Britain is to gain its first saint of modern times today when Cardinal John Henry Newman is canonised in a ceremony at the Vatican.
The Prince of Wales, the next head of the Church of England, has flown to Rome to join 20,000 Catholics at the ceremony.
Charles is also due to meet Pope Francis and is later expected to make a speech paying tribute to Cardinal Newman and his values.
During the day, Charles will meet Melissa Villalobos, who recovered from life-threatening pregnancy complications after praying to Cardinal Newman.
Also in attendance will be Deacon Jack Sullivan, whose recovery from a serious spinal condition was also attributed to Newman.
In an article yesterday, the Prince said that the canonisation ‘will be a cause for celebration, not merely for Catholics but for all who cherish the values by which he was inspired’.
He also said ‘[Newman's] example is needed more than ever’ – and that ‘whatever our beliefs or tradition, we can be thankful for the gifts that [he has] shared’.
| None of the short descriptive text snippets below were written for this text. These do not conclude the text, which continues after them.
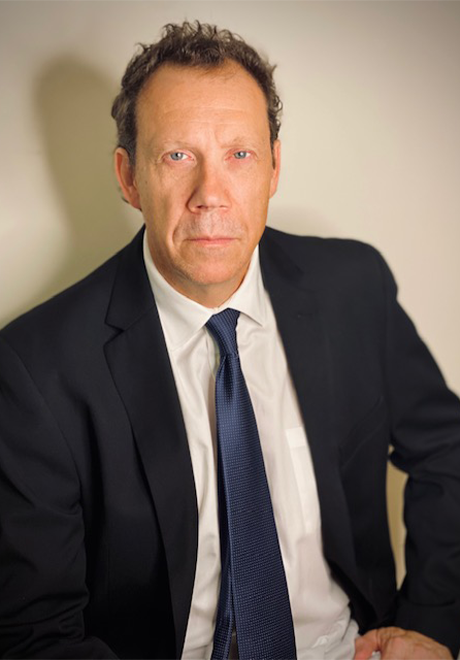 Marcus Giamatti headshot, wearing a suit and tie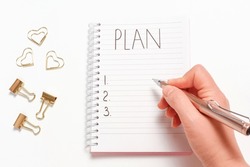 Female hand writes plan in a notebook on white background close up.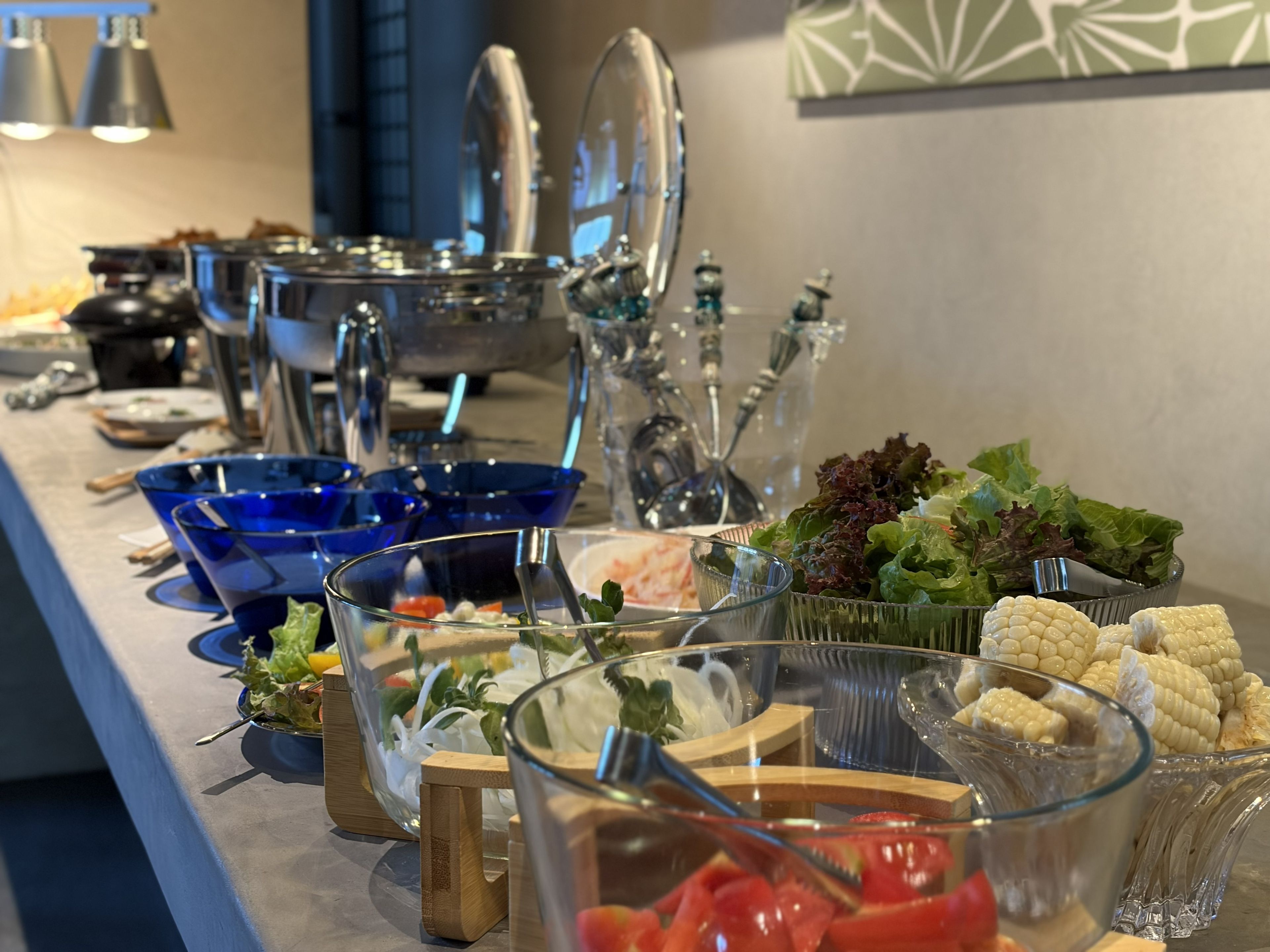 Un bufé con diversos alimentos y utensilios para servir.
The Cardinal had left a 'lasting legacy' as an educator, and the Catholic community owed 'an incalculable debt to his tireless work'.
He guided the church back to its Catholic roots while still being open to learning from Anglican traditions such as the role of the laity.
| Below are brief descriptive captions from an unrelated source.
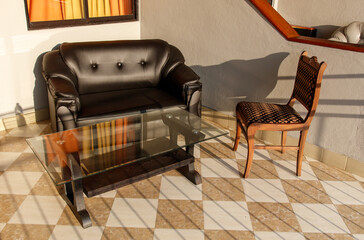 A black couch and a wooden chair sit on a tiled floor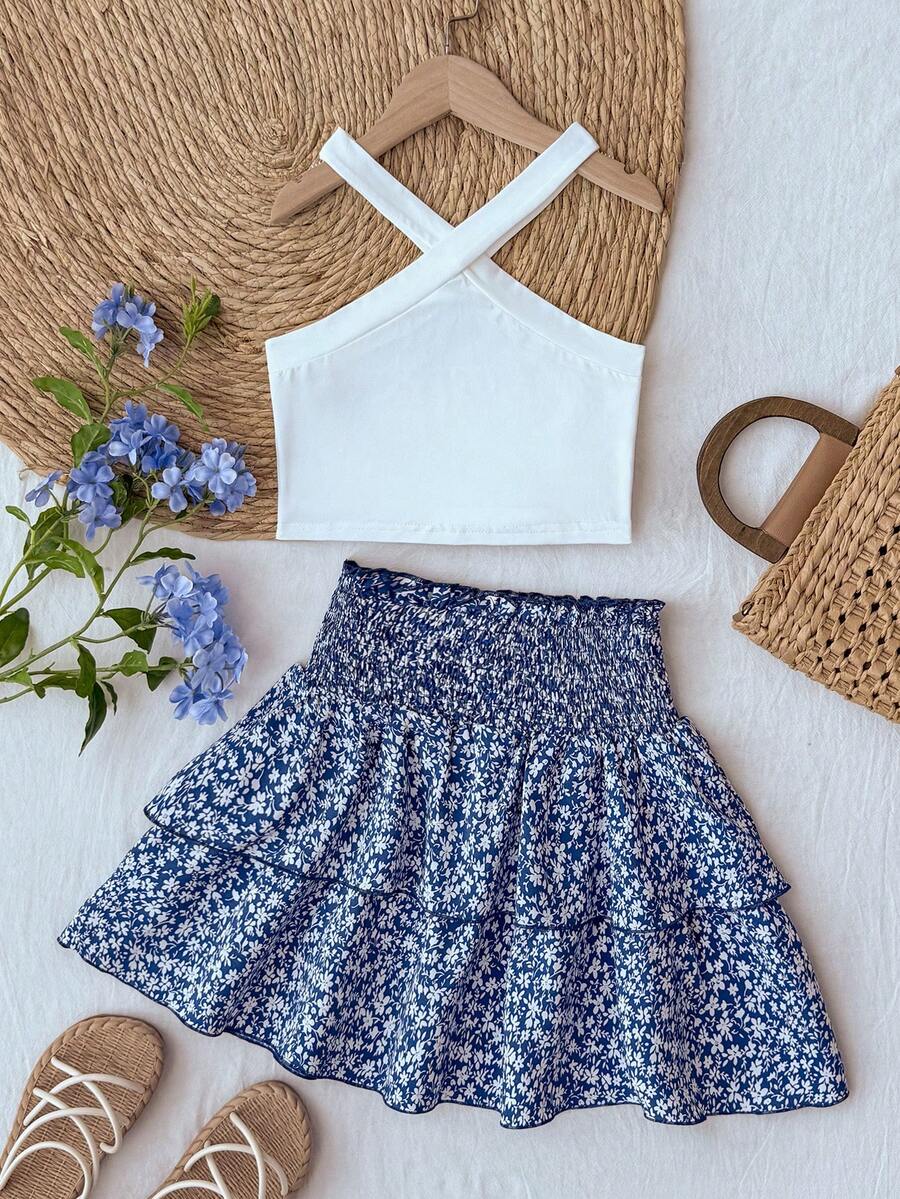 Tween girls blue and white 2-piece set with a striped halter neck vest top and a floral high-waist tiered paperbag skirt.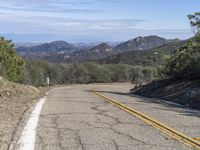 a couple of yellow lines on a road near a mountain area with some trees in the distance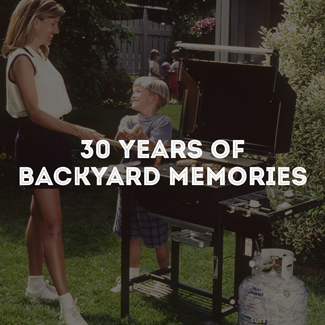 Woman and child standing next to a standup propane grill, grilling food.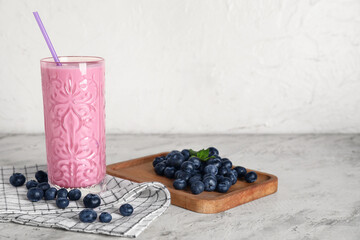 Glass of fresh blueberry smoothie and wooden board with berries on white background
The Prince added how people find the Cardinal a 'powerful ally' who 'championed the individual conscience against an overwhelming relativism' - whose book The Idea of a University is still 'defining' today.
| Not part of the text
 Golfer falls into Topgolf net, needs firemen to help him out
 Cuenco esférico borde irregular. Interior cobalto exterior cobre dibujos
He told L'Osservatore Romano: 'And perhaps most relevantly of all at this time, when we have witnessed too many grievous assaults by the forces of intolerance on communities and individuals, including many Catholics, because of their beliefs, [Newman] is a figure who stood for his convictions despite the disadvantages of belonging to a religion whose adherents were denied full participation in public life.
'Through the whole process of Catholic emancipation and the restoration of the Catholic Church hierarchy, he was the leader his people, his church and his times needed.'
Cardinal Newman was a Church of England priest before converting to Catholicism in 1845 and is seen as a bridging figure between Anglicanism and Catholicism.
When he died in 1890, thousands took to the streets for his funeral procession.
The most recently declared British saint, in 1976, was John Ogilvie, a Scottish martyr who died in 1615.